▸ **Work instructions**
Could you print the lines below exactly, from the one holding "Deck & Backyard" through the last line, with no other output?

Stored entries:
* * * * * * * * *
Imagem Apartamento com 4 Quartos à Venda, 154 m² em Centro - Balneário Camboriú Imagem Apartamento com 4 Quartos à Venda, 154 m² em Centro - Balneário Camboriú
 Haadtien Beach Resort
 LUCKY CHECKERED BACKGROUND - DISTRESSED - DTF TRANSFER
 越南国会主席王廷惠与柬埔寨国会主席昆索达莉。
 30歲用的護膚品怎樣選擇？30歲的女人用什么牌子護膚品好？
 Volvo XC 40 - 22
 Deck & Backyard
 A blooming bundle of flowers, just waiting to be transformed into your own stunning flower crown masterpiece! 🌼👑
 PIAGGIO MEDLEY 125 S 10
* * * * * * * * *
▸ **Exercise output**
 Deck & Backyard
 A blooming bundle of flowers, just waiting to be transformed into your own stunning flower crown masterpiece! 🌼👑
 PIAGGIO MEDLEY 125 S 10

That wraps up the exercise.